Dans l’église inférieure d’Assise, il décora, au-dessus de la chaire, le seul endroit qui ne fût pas encore recouvert de peintures, et y figura dans un arc le Couronnement de la Vierge[12], entourée d’anges, dont les visages sont si gracieux, si doux et si délicats, et dans une telle harmonie de couleurs (ce qui était le propre de son talent), qu’on le jugea, dans cette œuvre, avoir égalé tous ses devanciers. Il entoura l’arc de quelques sujets tirés de la vie de San Niccolo[13]. On voit encore de lui une fresque dans le monastère de Santa Chiara au milieu de l’église et elle représente la sainte dans les airs, soutenue par deux anges et ressuscitant un enfant mort, et, sur l’intérieur de la porte qui va de la ville au Dôme, une Vierge tenant son Fils entre saint François et un autre saint. Mais il ne put terminer la première de ces œuvres[14], étant tombé malade et revenu à Florence.

Tommaso, dit-on, était mélancolique et recherchait la solitude, mais aussi il était studieux et aimait son art avec passion, comme on peut s’en rendre compte, à Florence, dans l’église San Romeo, où l’on conserve sa meilleure œuvre. Ce tableau[15], qui est placé dans le transept droit, est peint en détrempe et représente le Christ mort, entouré des saintes Maries, de Nicodème et d’autres personnages qui pleurent amèrement et montrent, soit par leurs physionomies, soit en se tordant les mains et en se frappant la poitrine, la douleur extrême qu’ils éprouvent de voir ce que coûtent nos péchés.
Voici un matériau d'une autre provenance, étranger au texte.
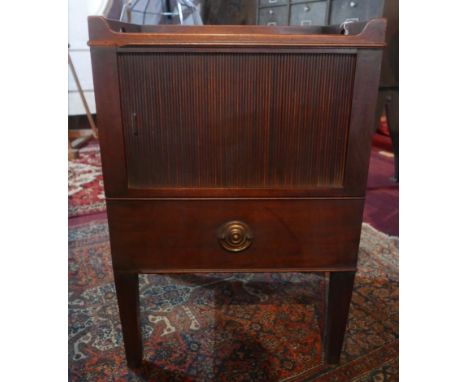 A George III mahogany bedside commode, with tambour shutter, H.80 W.54 D.46cm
Il est remarquable, non que l’artiste ait conçu par la pensée une telle désolation, mais qu’il ait pu la rendre si bien avec le pinceau. Ce qui rend cette œuvre si digne de louanges, ce n’est pas tant le sujet qu’elle représente et la manière dont elle est conçue, que la rare habileté avec laquelle tous les effets de la douleur sont montrés, tels que le froncement des sourcils, la déformation du nez et de la bouche de ceux qui pleurent, sans que pour cela la beauté des figures en soit altérée. Mais il est vrai que Tommaso travaillait avec conscience, plutôt pour la renommée de son vivant et la gloire après sa mort, que pour l’amour de l’argent, qui fait que, de nos jours, les artistes sont moins actifs et moins soigneux. Et comme il ne se soucia jamais d’accumuler de grandes richesses, de même il ne courut pas beaucoup après les commodités de la vie. Vivant pauvrement, il voulut toujours satisfaire les autres plus que lui-même, et après une existence dure, pénible et presque misérable, il mourut de phtisie, à l’âge de 32 ans. Ses parents lui donnèrent une sépulture hors de Santa Maria Novella, à la porte del Martello, à côté du tombeau de Buontura[16].
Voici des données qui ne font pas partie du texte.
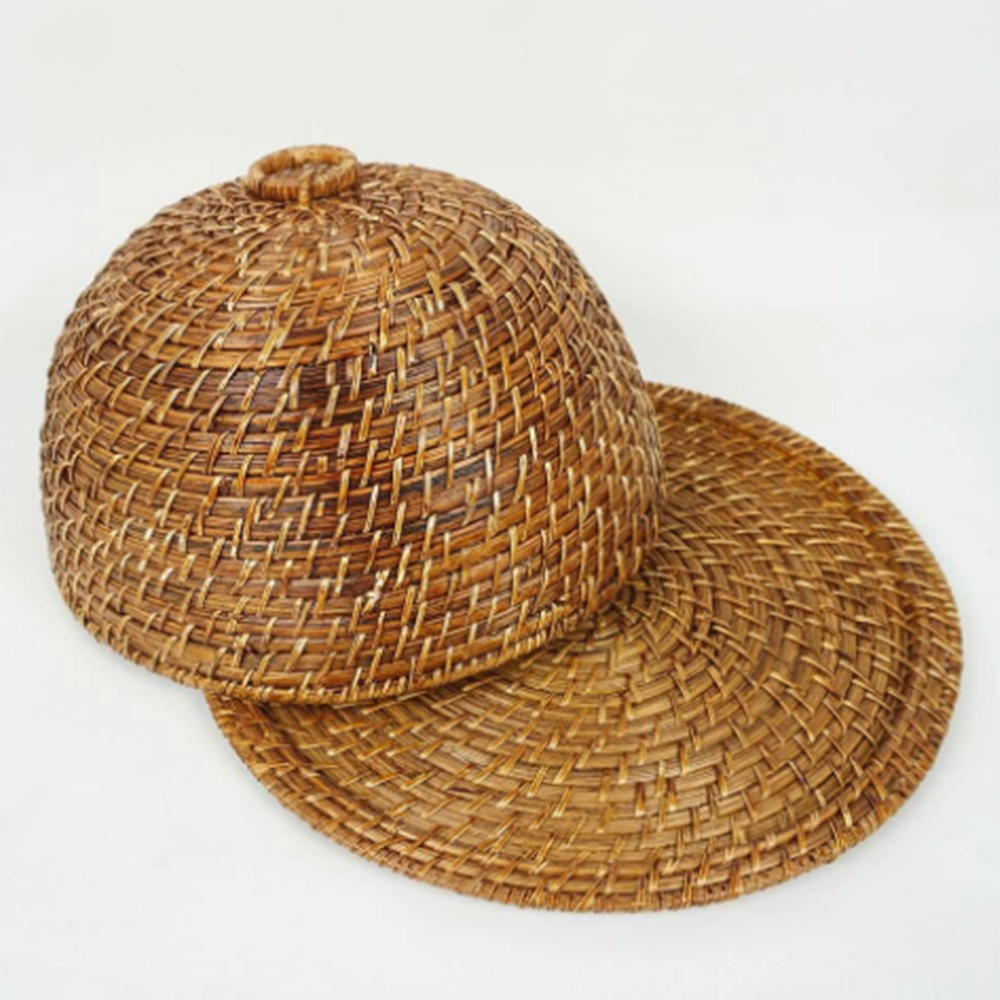 Porta Bolo Com Tampa Alta Hudson Home Rattan 18 X 35 Cm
  1. Inscrit à la Compagnie des peintres : Giotto di Maestro Stefano, dipintore 1368. Voir une note à la fin de la Vie.
  2. Ces peintures n’existent plus.
  3. Église démolie ; la peinture est perdue.
  4. Les peintures de Giottino à Santo Spirito n’existent plus.
  5. Existent encore à Santa Croce les peintures de la chapelle San Silvestro, celles du tombeau Bardi, et, à côté, une Descente de Croix que Vasari ne mentionne pas.
  6. L’église de San Pancrazio est actuellement affectée à la Loterie royale ; les peintures de Giottino n’existent plus.
  7. Ces différentes peintures n’existent plus.
  8. Le 26 juillet 1343.
  9. Ce décret existe, sans nommer l’artiste chargé du travail Cette peinture fut faite en 1344. (Voir Villani, liv. XII, chap. XXXIV). N’existe plus.
  10. Ibid.
  11. Les peintures faites par Giottino à Rome n’existent plus ; il est à Rome en 1369.
  12. Existe encore dans la chapelle du Saint-Sacrement.
  13. Ces fresques existent encore, mais elles sont dans la chapelle Orsini.
  14. N’existent plus.
  15. Actuellement aux Offices.
  16. Il y a à l’Accademia Filarmonica, Via Ghibellina, une peinture giottesque, qui reproduit l’Expulsion du duc d’Athènes et qu’on attribue à Giottino. Vasari paraît avoir confondu dans cette vie des existences du peintre Giotto di Maestro Stefano, inscrit à la matricule des peintres en 1368, et du peintre Maso di Banco, immatriculé en 1343. Quant aux travaux de sculpture, ils peuvent être attribués à un troisième artiste, Tommaso di Stefano, inscrit à la matricule des maîtres en pierre en 1385. La statue du campanile serait son œuvre ; c’est celle qui fait partie des quatre placées du côté du Bigallo, dont trois sont attribuées au peintre Mea. Au reste, cette biographie est pleine d’incertitudes.